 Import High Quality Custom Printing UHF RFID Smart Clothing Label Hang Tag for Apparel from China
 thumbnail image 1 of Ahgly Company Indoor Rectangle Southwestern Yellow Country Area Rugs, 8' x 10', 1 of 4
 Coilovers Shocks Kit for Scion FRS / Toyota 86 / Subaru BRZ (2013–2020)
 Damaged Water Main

·····

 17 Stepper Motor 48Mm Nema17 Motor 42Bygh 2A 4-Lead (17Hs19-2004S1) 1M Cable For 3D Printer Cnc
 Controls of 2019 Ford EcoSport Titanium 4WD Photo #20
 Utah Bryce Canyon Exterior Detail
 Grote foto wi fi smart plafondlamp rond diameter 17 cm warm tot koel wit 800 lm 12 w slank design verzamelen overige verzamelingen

·····

Look back at the data above. Transcribe exactly the lines starting at the line that contains "Import High Quality" and ending at the line that contains "Damaged Water Main".

 Import High Quality Custom Printing UHF RFID Smart Clothing Label Hang Tag for Apparel from China
 thumbnail image 1 of Ahgly Company Indoor Rectangle Southwestern Yellow Country Area Rugs, 8' x 10', 1 of 4
 Coilovers Shocks Kit for Scion FRS / Toyota 86 / Subaru BRZ (2013–2020)
 Damaged Water Main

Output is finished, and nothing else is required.